(no subject)
Dec. 22nd, 2008 05:28 pmEveryone's read articles about those awful parents who push for antibiotics when their kids probably just have a viral infection. Everyone has rolled their eyes and thought, "Great, we're all going to be killed by superbugs because you place your ignorant anti-scientific opinions over the judgment of your doctor."
Me too. Honest. Except when it gets more complicated.

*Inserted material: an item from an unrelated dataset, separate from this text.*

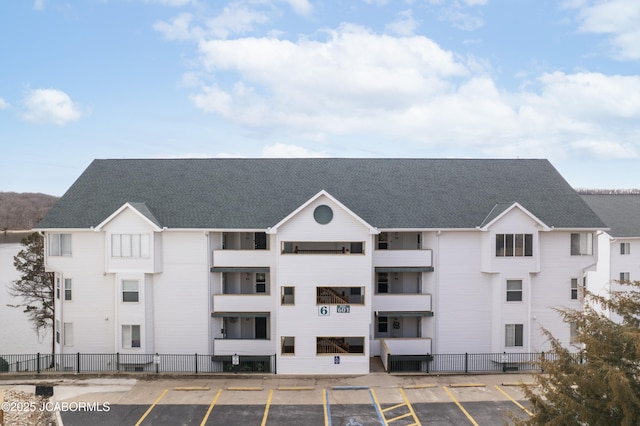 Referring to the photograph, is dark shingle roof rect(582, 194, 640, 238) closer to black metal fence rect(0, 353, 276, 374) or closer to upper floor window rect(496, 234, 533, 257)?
upper floor window rect(496, 234, 533, 257)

I am 90% sure that Alex has a sinus infection. Here is my evidence: she had a cold for two-three weeks that didn't seem to bother her much, and then abruptly she became sicker. And miserable. She has a hacking, not-that-productive cough which is bad at night and early morning, and much less bad during the day when she's been up for a few hours. She's yellow-green congested. She complains of a headache and sore throat in the morning. She has awful morning breath. Her complexion is pale and washed out, with dark circles under her eyes. She's low-energy and incredibly pathetic in the mornings and evenings, but perks up reasonably well by around noon. No fever.

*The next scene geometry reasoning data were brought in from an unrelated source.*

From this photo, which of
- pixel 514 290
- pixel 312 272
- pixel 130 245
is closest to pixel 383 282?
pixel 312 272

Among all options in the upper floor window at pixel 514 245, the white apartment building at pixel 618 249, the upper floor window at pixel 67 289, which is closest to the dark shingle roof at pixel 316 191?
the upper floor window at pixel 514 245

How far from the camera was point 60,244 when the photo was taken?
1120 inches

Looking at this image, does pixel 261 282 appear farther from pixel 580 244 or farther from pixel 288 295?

To me, this is pretty clearly a sinus infection. I think she feels okay - but not great - when she's been vertical for a while, and then everything goes to hell when she lies down all night and her sinuses drain and drain. She was up coughing from 4 to 5:30 this morning.
I kept her home today and brought her to a nurse practitioner at her pediatrician's office. Her lungs are clear. Her ears and throat look fine. She claimed that it hurt when the NP pressed on her sinuses, but then she also claimed it hurt when she pressed on her shoulder. Not a reliable historian, as we say. Also, the appointment was at her perkiest time of day.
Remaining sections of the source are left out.